>>>
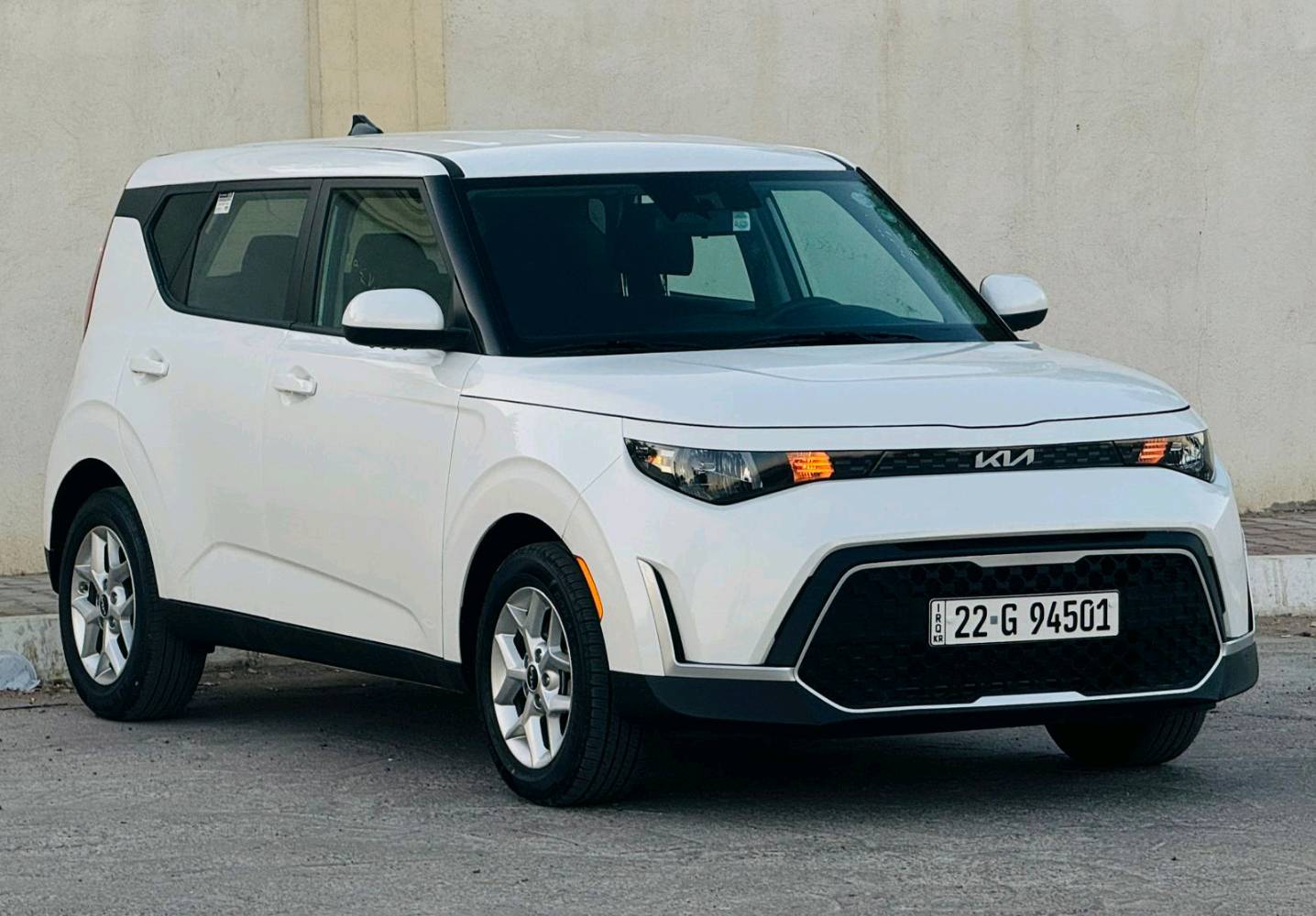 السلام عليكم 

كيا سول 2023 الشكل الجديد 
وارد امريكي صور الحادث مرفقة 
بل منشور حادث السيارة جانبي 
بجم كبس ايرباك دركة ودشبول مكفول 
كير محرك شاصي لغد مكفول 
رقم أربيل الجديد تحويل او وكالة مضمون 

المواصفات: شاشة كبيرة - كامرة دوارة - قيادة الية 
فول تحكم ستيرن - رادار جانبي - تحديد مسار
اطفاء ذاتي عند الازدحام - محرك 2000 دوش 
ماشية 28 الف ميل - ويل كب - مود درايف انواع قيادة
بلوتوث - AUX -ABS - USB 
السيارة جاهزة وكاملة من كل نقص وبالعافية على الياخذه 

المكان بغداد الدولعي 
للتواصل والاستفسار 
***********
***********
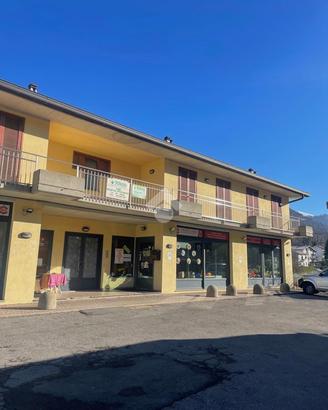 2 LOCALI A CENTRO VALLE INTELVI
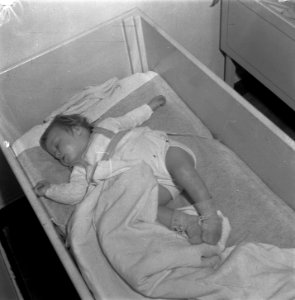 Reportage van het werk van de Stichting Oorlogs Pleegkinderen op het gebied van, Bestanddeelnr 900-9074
<<<
>>>
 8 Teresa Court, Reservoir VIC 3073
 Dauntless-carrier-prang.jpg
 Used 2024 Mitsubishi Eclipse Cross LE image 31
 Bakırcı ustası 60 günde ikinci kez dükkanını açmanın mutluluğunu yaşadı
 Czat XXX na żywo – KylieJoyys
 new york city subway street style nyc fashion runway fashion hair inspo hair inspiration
<<<
*Activity*
Return exactly the lines above from the line that has "Czat XXX na żywo – KylieJoyys" through the line that has "new york city", inclusive, and nothing else.

*Exercise result*
 Czat XXX na żywo – KylieJoyys
 new york city subway street style nyc fashion runway fashion hair inspo hair inspiration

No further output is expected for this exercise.